[Stored data]

=======

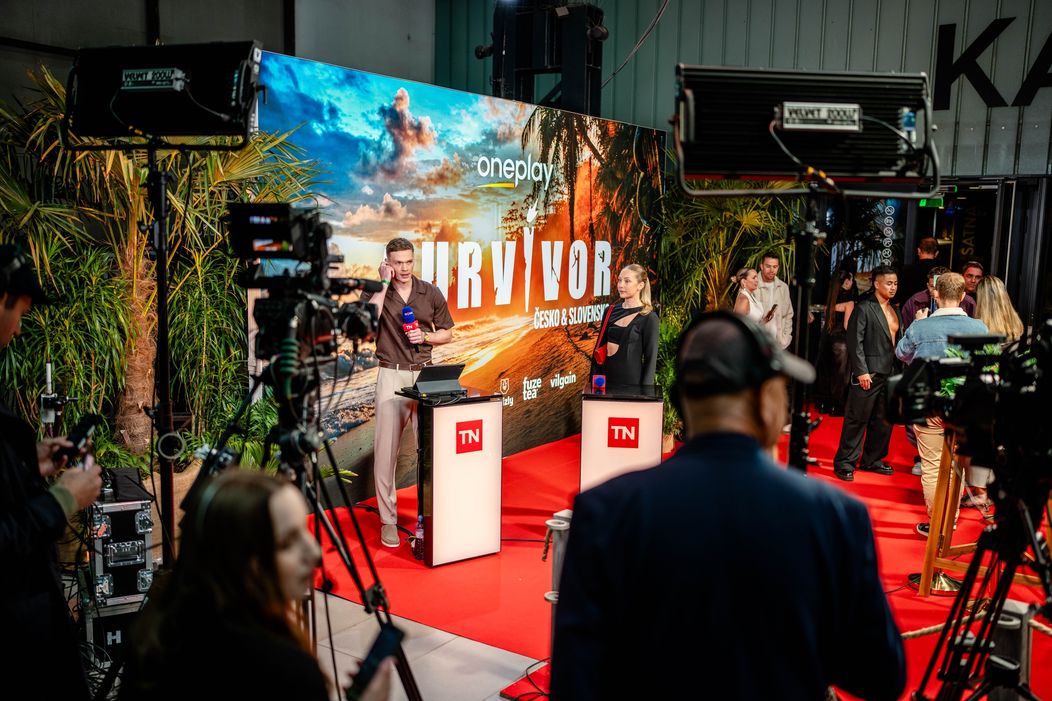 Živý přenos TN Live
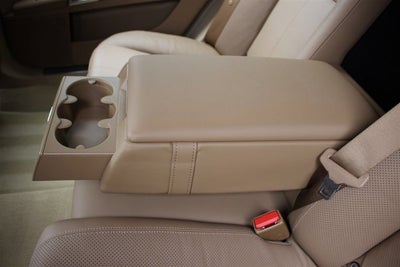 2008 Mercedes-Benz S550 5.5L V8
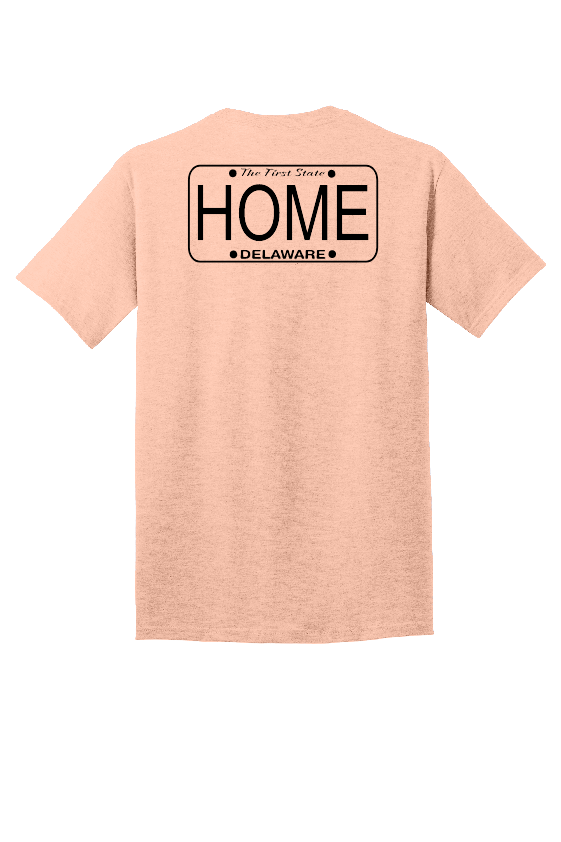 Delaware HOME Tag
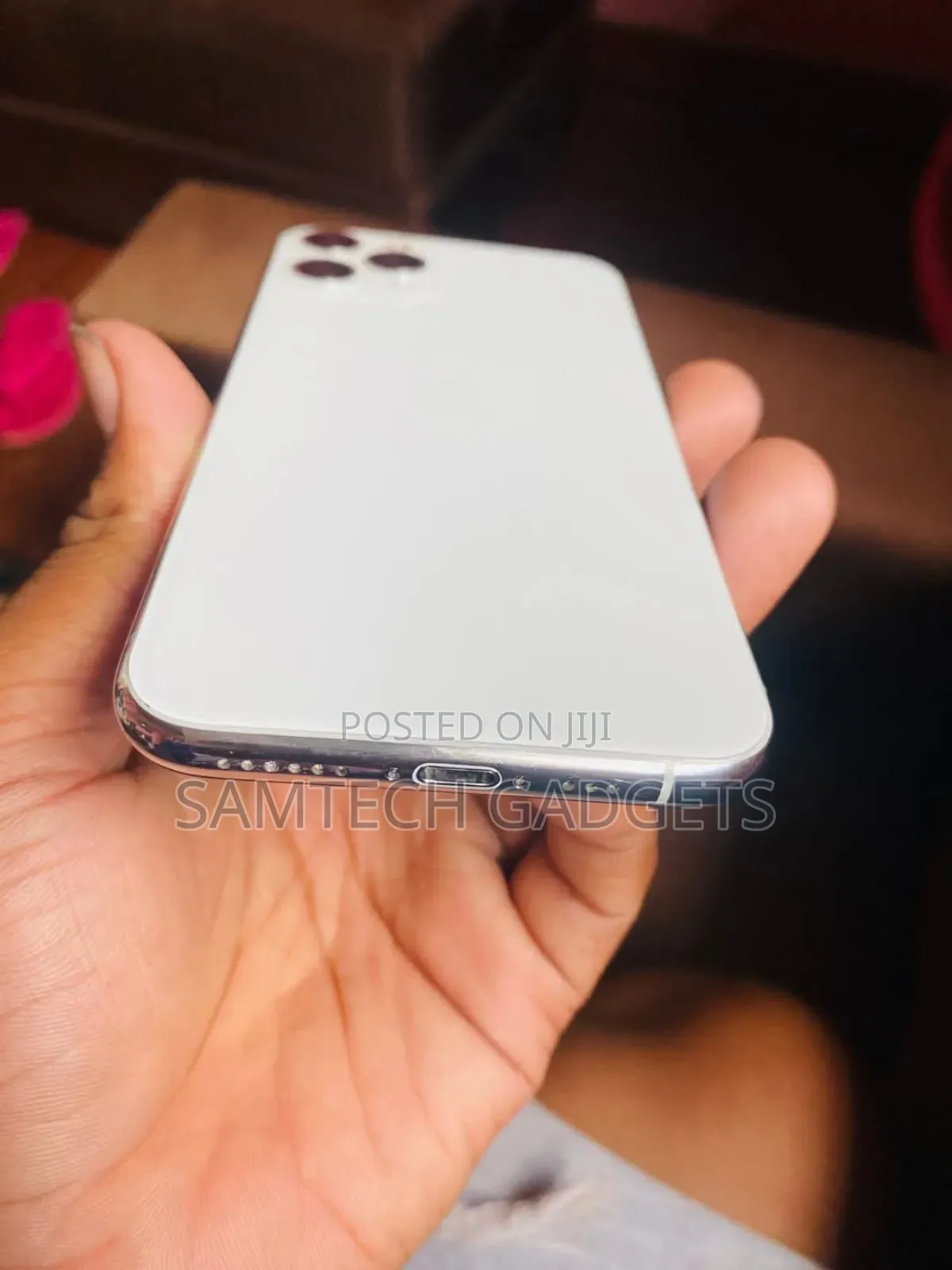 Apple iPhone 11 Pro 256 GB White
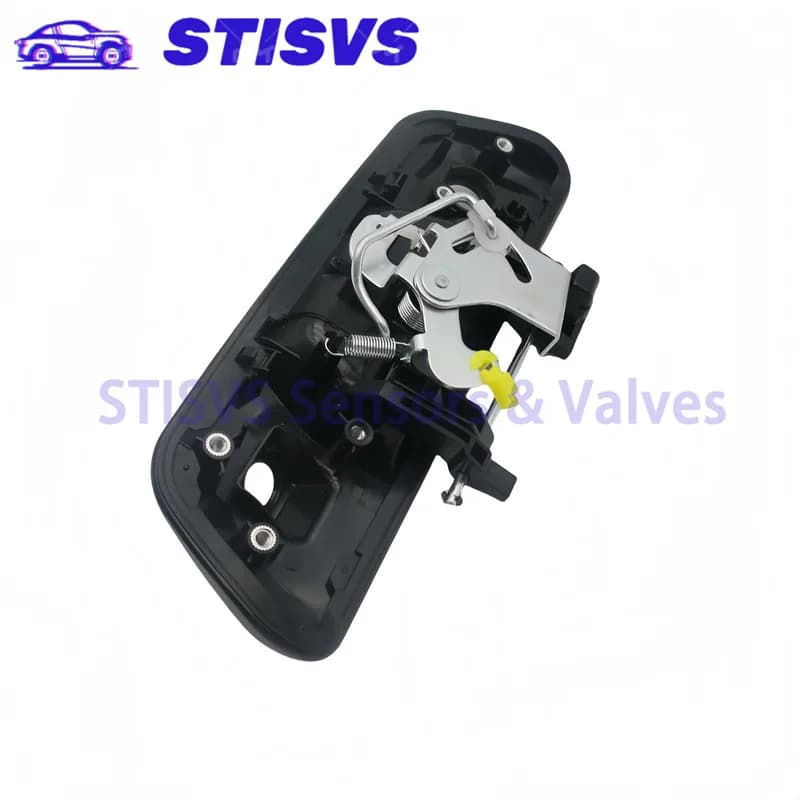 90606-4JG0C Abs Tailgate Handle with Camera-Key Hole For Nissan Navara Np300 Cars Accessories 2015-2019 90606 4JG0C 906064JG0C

=======

** Problem to solve **
Although the records contain pictures, the copy should consist of their text alone, reproduced exactly.

** Solution to this problem **
 Živý přenos TN Live
 2008 Mercedes-Benz S550 5.5L V8
 Delaware HOME Tag
 Apple iPhone 11 Pro 256 GB White
 90606-4JG0C Abs Tailgate Handle with Camera-Key Hole For Nissan Navara Np300 Cars Accessories 2015-2019 90606 4JG0C 906064JG0C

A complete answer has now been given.